Testing quantum systems in the high-complexity regime
Abstract: From carefully crafted quantum algorithms to information-theoretic security in cryptography, a quantum computer can achieve impressive feats with no classical analogue. Can their correct realization be verified? When the power of the device greatly surpasses that of the user, computationally as well as cryptographically, what means of control remain available to the user? Recent lines of work in quantum cryptography and complexity develop approaches to this question based on the notion of an interactive proof. Generally speaking an interactive proof models any interaction whereby a powerful device aims to convince a restricted user of the validity of an agree-upon statement -- such as that the machine generates perfect random numbers or executes a specific quantum algorithm. Two models have emerged in which large-scale verification has been shown possible: either by placing reasonable computational assumptions on the quantum device, or by requiring that it consists of isolated components across which Bell tests can be performed. In the talk I will discuss recent results on the verification power of interactive proof systems between a quantum device and a classical user, focusing on the certification of quantum randomness from a single device (arXiv:1804.00640) and the verification of arbitrarily complex computations using two devices (arXiv:2001.04383).

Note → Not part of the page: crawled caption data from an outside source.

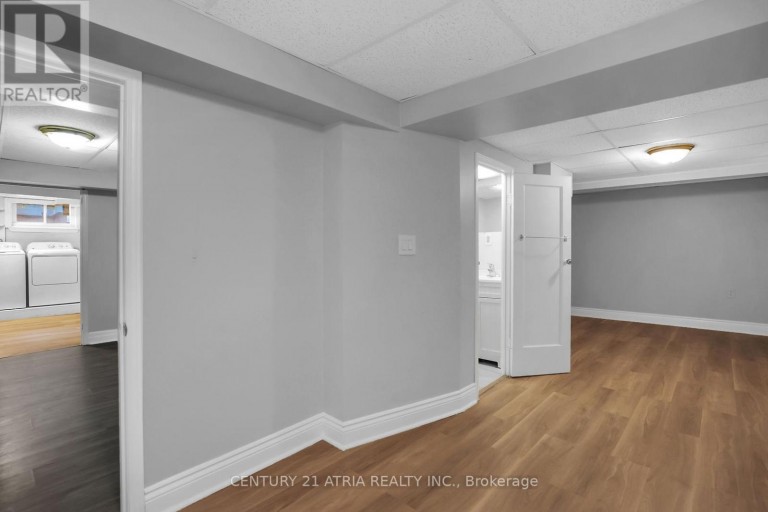 379 GROSVENOR STREET, London East (East B), Ontario, N6A1Z2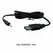 Pretty Love Merlin Black - Rotating & Vibrating Multifunctional Massager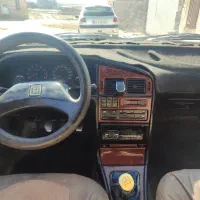 پژو|خودرو سواری و وانت|یاسوج, |دیوار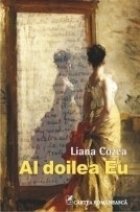 doilea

Bio: Thomas Vidick is Professor of Computing and Mathematical Sciences at the California Institute of Technology. He received a B.A. in pure mathematics from École Normale Supérieure in Paris, a Masters in Computer Science from Université Paris 7 and a Ph.D. from UC Berkeley. His Ph.D. thesis was awarded the Bernard Friedman memorial prize in applied mathematics. Before joining Caltech he was a postdoctoral associate at the Massachusetts Institute of Technology. His paper “A multi-prover interactive proof for NEXP sound against entangled provers”, with Tsuyoshi Ito, was co-awarded the best paper award at FOCS’12. His is the recipient of a Presidential Early-Career Award (PECASE, 2019), an FSMP research chair (2020) and a Simons Investigator Award (2021-). Vidick's research is situated at the interface of theoretical computer science, quantum information and cryptography. He is interested in applying techniques from computer science, such as complexity theory, to study problems in quantum computing. He is most well-known for his work on the study of entanglement in interactive proof systems, through the complexity class MIP*. He made multiple contributions to quantum cryptography, including the first proof of security of device-independent quantum key distribution. He is also known for developing the first polynomial-time algorithm for computing ground states of gapped one-dimensional quantum spin systems.